There are plenty of studies that have shown low carb diets to be advantageous for weight loss. See my previous article for 23 of these studies. The issue with these studies, is they do not isolate the carbohydrate reduction as a single variable. 

 

Common study limitations include:

> calories were not matched in both diets

> groups were told to simply reduce carb or fat intake rather than given specific targets

> intakes were self reported and open to under/over reporting

> protein was not matched in both groups

 

These studies serve as good evidence that reducing carbohydrate may be a successful tool to reduce overall calorie intake, and adhere to a weight loss diet. However, there are too many potential variables to be able to use these studies for evidence as a physiological role in the mechanism of weight loss/gain.

A great example was the Morenga et al, 2013 systematic review and meta-analysis on the subject that found the following results:

In adult trials without strict control on overall food intake, reducing dietary sugar intake was associated with decreases in body weight. Likewise, increases in sugar intake was associated with increases in body weight. 

However, under isoenergetic conditions (same calories), replacing sugars with calorie equivalent macronutrients showed no change in body weight. This suggests the reduction in sugar has a positive effect on weight loss, due to the reduction in calorie intake, not because it is sugar.

 

Conclusions:

Hall’s 2015 and 2016 studies falsify the carbohydrate-insulin model of obesity. Current research points towards energy balance as the mechanism of weight loss and weight gain. Low carb, low fat, portion control, intermittent fasting, or any other weight loss method may find success when trying to achieve a negative energy balance.

 

Reasons you might reduce carbs:

 

> If a lot of your calories come from carbohydrate sources

> If it encourages broadening the diet to include more nutrient dense foods rather than processed foods

> If you find moderating sugar or carb heavy snacks difficult and would prefer to remove them entirely than try to manage them sensibly.
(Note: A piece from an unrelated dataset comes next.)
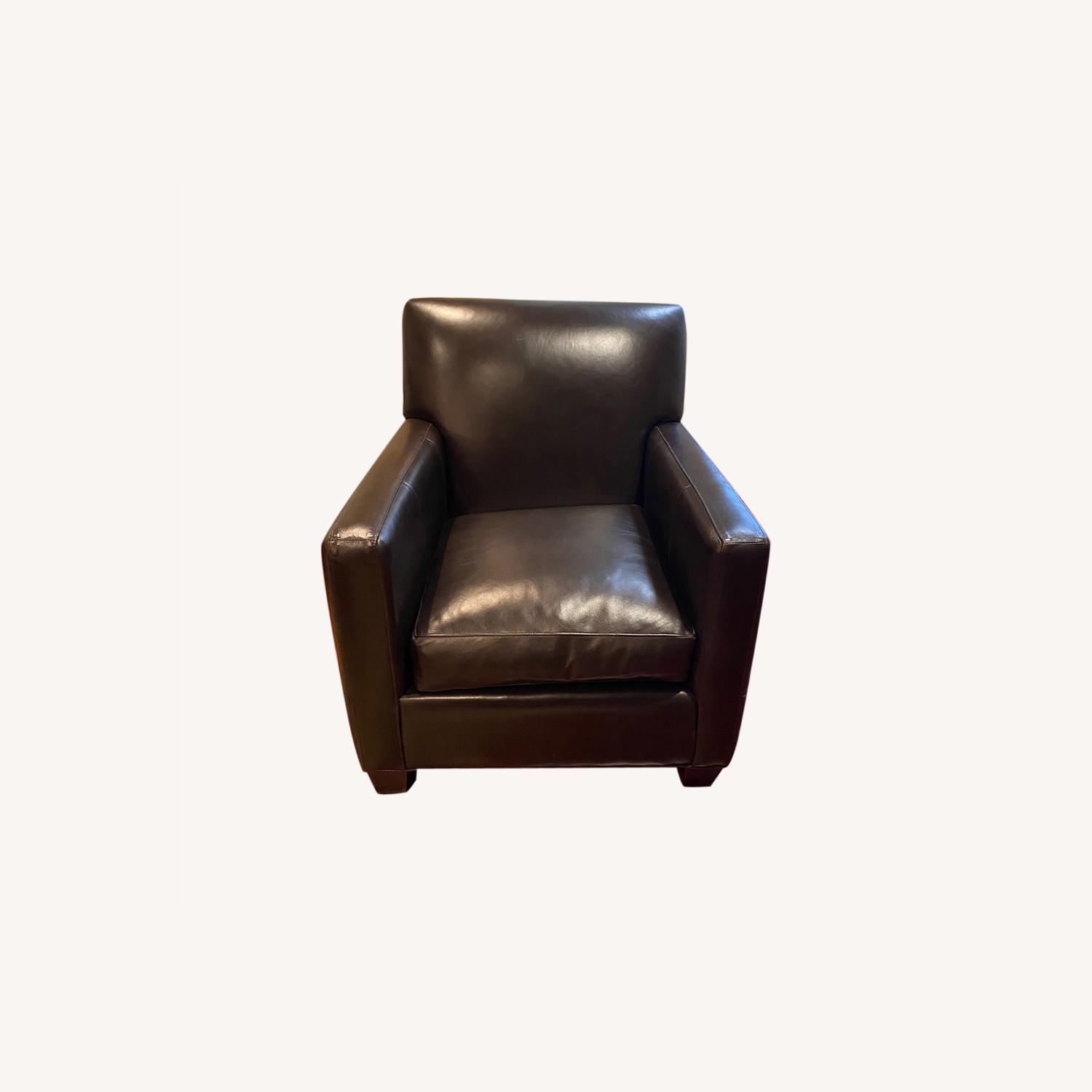 Crate & Barrel 2Leather Chairs and Matching Storage Ottomans - image-0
> If you have a condition such as insulin resistance or PCOS. These conditions are very complex. While raised insulin may not have demonstrated causation of weight gain, it certainly can manipulate other hormones and their role in appetite. When satiety hormones are out of whack, it is not simply a case of “try to eat less”. The brain responds directly to these signals and your “will power” alone will rarely be enough to prevent you consuming additional calories. 
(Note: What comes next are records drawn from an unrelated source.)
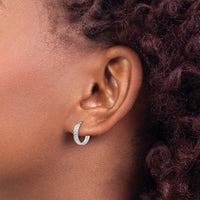 14k White Gold Madi K CZ Children's Hinged Hoop Earrings-GK650W
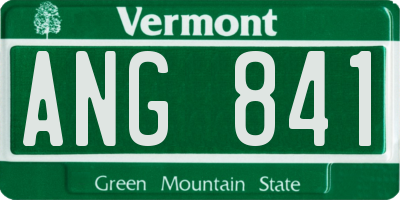 VT license plate ANG841
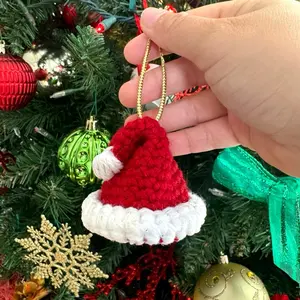 Handmade Crochet Santa Hat Ornament - Soft Lightweight Festive Charm for Christmas Tree Garlands Stockings Stocking Stuffer Gift Topper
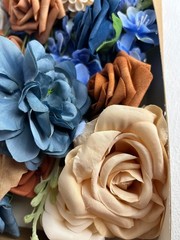 Ling’s Moment Burnt Orange Navy Artificial Flowers Greenery Combo Deluxe Set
> In a metabolic ward patients have no choice but to adhere to the calories they are given. In the real world, you may find that the practical implications of eating lots of refined sugars within your calorie target will inevitably lead to over consumption and therefore, exceeding your calorie target and gaining weight.

 

Reasons you might not reduce carbs:

> If you are able to sensibly manage the foods you eat to fit within your energy requirements, protein requirements, and micronutrient targets. 

> If you are trying to lose weight and find any other method of achieving a calorie deficit more manageable. 

 

Further Reading and Credits:

> There is a great podcast from Sigma Nutrition in which Kevin Hall speaks in more detail about his two studies above. He also addresses Gary Taubes’ defamatory remarks at a recent low carb conference and Taubes' subsequent apology in relation to these studies. 
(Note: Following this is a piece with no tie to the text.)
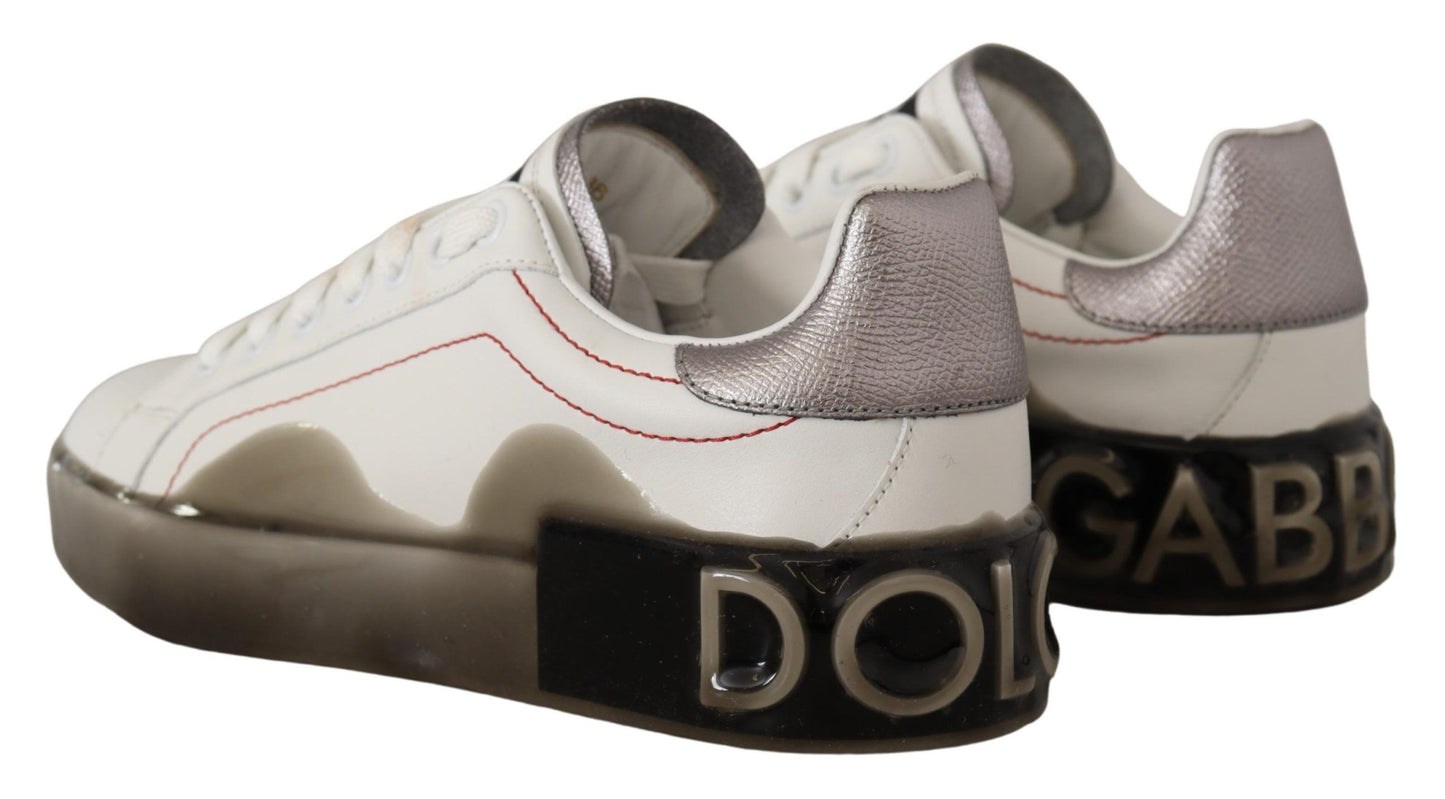 Dolce & Gabbana Elegante Hvide Lædersneakers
> Martin Macdonald is always a valuable source for up to date studies and excellent content. Here is his far more direct view on the insulin hypothesis   

UPDATE AS OF FEBRUARY 2018

> A systematic review and meta-analysis from Sartorius et al (2018) adds further support to the above. "It cannot be concluded that a high-carbohydrate diet or increased percentage of total energy intake in the form of carbohydrates increases the odds of obesity".